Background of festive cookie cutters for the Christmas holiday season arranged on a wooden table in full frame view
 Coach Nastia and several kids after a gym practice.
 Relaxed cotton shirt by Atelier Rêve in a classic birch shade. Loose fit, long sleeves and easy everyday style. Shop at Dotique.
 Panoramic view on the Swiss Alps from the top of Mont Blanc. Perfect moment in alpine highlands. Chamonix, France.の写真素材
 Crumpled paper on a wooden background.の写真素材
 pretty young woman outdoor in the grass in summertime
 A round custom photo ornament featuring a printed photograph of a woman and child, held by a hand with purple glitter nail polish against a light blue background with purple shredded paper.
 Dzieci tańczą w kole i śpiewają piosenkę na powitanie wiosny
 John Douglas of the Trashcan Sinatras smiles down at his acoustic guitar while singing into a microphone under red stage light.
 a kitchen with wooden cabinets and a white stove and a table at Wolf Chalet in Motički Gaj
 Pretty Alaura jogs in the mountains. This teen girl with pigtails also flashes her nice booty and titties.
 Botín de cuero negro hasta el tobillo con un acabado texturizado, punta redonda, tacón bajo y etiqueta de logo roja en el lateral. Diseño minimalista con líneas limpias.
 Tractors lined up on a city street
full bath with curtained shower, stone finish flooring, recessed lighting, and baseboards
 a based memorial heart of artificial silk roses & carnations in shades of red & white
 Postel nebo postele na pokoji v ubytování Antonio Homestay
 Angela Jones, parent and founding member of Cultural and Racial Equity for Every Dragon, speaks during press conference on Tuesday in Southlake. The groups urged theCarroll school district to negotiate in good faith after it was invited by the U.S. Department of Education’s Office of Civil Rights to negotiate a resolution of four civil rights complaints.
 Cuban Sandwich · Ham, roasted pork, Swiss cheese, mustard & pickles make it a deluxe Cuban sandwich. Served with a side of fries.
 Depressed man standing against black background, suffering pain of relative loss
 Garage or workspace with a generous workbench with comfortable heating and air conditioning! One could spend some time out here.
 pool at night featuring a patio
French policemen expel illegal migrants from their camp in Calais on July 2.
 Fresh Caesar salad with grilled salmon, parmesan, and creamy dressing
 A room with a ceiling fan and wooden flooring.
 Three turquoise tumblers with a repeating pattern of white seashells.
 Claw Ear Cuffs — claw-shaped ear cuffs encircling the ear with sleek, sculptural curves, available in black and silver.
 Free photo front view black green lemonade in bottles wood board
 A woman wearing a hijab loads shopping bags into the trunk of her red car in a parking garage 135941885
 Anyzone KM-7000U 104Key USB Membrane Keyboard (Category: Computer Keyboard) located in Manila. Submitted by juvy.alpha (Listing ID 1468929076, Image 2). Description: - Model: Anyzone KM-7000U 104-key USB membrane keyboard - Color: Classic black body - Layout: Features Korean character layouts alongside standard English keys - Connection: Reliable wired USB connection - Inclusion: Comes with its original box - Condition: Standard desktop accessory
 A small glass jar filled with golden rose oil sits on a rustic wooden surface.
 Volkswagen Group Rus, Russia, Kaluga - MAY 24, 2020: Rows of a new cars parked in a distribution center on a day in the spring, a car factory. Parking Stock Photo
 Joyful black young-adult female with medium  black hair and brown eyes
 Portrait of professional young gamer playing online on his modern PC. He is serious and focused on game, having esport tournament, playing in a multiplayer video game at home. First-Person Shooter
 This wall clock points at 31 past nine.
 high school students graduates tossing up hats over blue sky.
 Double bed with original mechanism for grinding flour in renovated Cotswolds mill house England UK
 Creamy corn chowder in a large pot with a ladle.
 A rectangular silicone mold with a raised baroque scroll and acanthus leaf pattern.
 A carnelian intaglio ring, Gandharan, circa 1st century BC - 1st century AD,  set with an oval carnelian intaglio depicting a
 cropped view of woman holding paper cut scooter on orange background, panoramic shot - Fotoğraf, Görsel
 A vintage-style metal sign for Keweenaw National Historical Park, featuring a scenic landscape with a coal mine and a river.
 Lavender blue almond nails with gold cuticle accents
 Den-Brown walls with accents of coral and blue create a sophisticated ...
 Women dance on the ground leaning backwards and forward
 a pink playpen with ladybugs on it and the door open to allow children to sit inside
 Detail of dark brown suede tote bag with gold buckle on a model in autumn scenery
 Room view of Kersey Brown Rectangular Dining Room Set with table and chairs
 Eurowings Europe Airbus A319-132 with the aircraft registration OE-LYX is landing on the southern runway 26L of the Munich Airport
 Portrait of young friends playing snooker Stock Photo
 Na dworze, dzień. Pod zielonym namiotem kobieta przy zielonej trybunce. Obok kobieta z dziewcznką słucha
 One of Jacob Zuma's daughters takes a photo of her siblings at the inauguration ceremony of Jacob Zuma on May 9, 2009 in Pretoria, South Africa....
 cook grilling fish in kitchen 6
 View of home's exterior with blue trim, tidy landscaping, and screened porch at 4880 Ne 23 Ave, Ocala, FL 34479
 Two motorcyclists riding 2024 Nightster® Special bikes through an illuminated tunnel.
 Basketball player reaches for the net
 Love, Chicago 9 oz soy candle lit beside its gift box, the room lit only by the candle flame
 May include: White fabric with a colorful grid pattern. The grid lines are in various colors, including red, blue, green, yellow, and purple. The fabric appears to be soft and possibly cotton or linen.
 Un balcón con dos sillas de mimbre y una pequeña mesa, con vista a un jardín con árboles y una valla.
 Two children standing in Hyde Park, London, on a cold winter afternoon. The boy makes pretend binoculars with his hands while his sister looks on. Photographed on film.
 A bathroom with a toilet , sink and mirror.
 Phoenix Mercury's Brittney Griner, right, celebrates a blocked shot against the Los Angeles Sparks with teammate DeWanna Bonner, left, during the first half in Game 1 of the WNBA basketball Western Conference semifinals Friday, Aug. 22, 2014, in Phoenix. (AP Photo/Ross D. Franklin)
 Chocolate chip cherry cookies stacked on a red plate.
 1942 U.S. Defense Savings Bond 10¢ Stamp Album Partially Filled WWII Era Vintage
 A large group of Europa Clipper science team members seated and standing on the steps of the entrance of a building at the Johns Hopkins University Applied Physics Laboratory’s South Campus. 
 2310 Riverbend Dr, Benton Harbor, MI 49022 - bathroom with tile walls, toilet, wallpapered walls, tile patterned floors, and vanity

Exercise prompt: Using only the listing above, restate exactly the lines from the line containing "Crumpled paper on a wooden background.の写真素材" through the line containing "Postel nebo postele", both included.

Task output:
 Crumpled paper on a wooden background.の写真素材
 pretty young woman outdoor in the grass in summertime
 A round custom photo ornament featuring a printed photograph of a woman and child, held by a hand with purple glitter nail polish against a light blue background with purple shredded paper.
 Dzieci tańczą w kole i śpiewają piosenkę na powitanie wiosny
 John Douglas of the Trashcan Sinatras smiles down at his acoustic guitar while singing into a microphone under red stage light.
 a kitchen with wooden cabinets and a white stove and a table at Wolf Chalet in Motički Gaj
 Pretty Alaura jogs in the mountains. This teen girl with pigtails also flashes her nice booty and titties.
 Botín de cuero negro hasta el tobillo con un acabado texturizado, punta redonda, tacón bajo y etiqueta de logo roja en el lateral. Diseño minimalista con líneas limpias.
 Tractors lined up on a city street
full bath with curtained shower, stone finish flooring, recessed lighting, and baseboards
 a based memorial heart of artificial silk roses & carnations in shades of red & white
 Postel nebo postele na pokoji v ubytování Antonio Homestay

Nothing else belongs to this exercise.